# [What you are asked to do]
Without including any images, output the listing below exactly.

# [Recorded information]
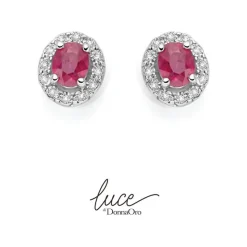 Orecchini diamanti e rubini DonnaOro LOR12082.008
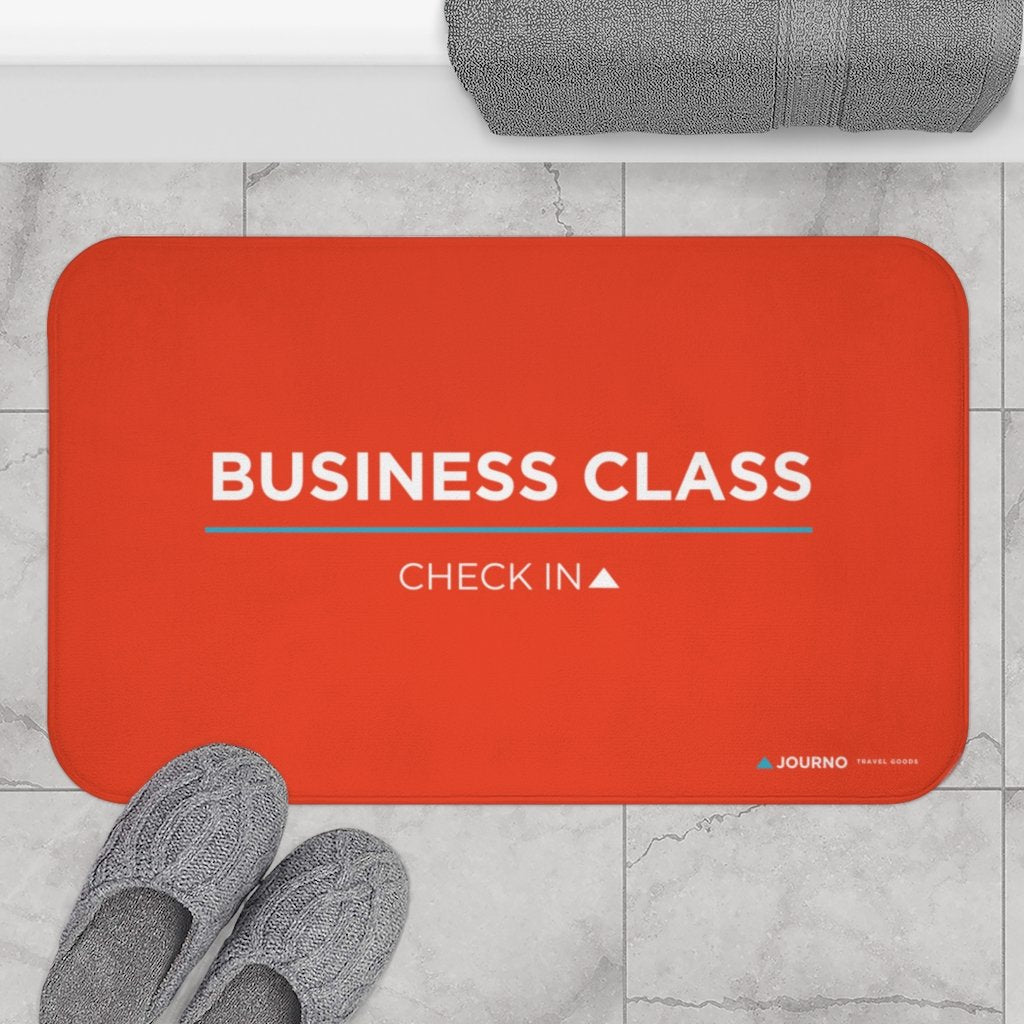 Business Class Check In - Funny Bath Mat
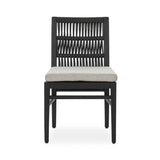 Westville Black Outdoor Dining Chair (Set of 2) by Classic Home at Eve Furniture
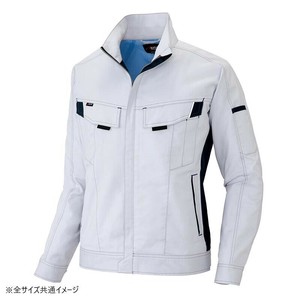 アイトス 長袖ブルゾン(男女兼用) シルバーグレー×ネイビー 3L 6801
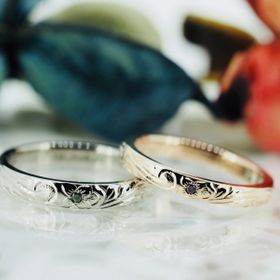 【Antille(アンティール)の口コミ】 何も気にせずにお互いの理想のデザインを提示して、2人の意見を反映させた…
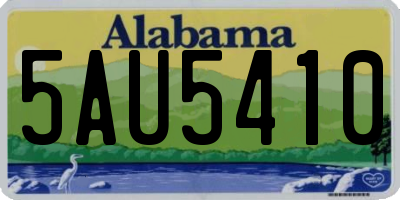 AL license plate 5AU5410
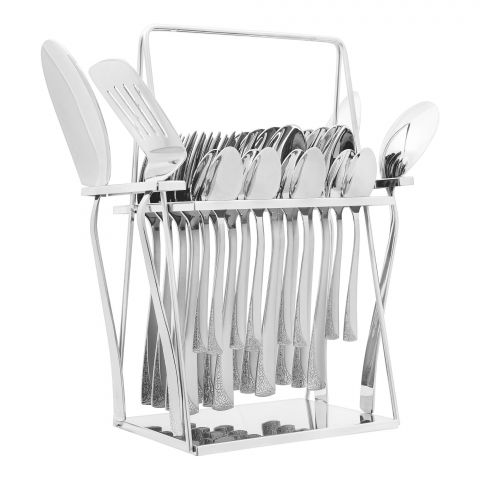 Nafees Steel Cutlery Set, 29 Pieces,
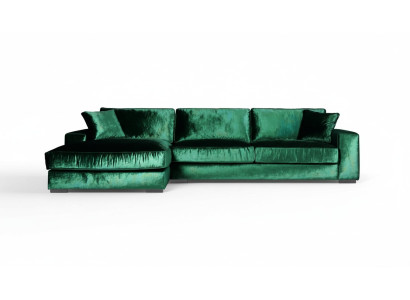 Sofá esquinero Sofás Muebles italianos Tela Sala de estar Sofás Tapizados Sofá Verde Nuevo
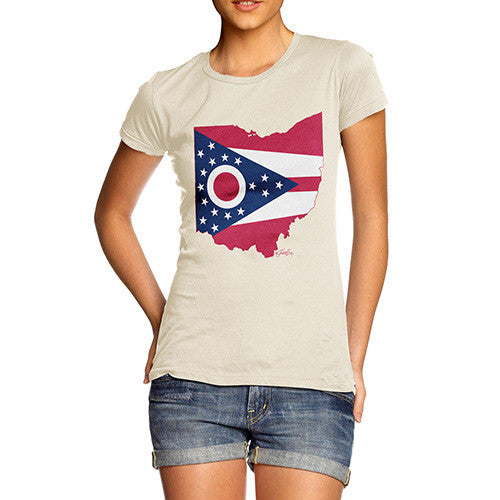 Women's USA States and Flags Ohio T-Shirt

# [Written response]
 Orecchini diamanti e rubini DonnaOro LOR12082.008
 Business Class Check In - Funny Bath Mat
 Westville Black Outdoor Dining Chair (Set of 2) by Classic Home at Eve Furniture
 アイトス 長袖ブルゾン(男女兼用) シルバーグレー×ネイビー 3L 6801
 【Antille(アンティール)の口コミ】 何も気にせずにお互いの理想のデザインを提示して、2人の意見を反映させた…
 AL license plate 5AU5410
 Nafees Steel Cutlery Set, 29 Pieces,
 Sofá esquinero Sofás Muebles italianos Tela Sala de estar Sofás Tapizados Sofá Verde Nuevo
 Women's USA States and Flags Ohio T-Shirt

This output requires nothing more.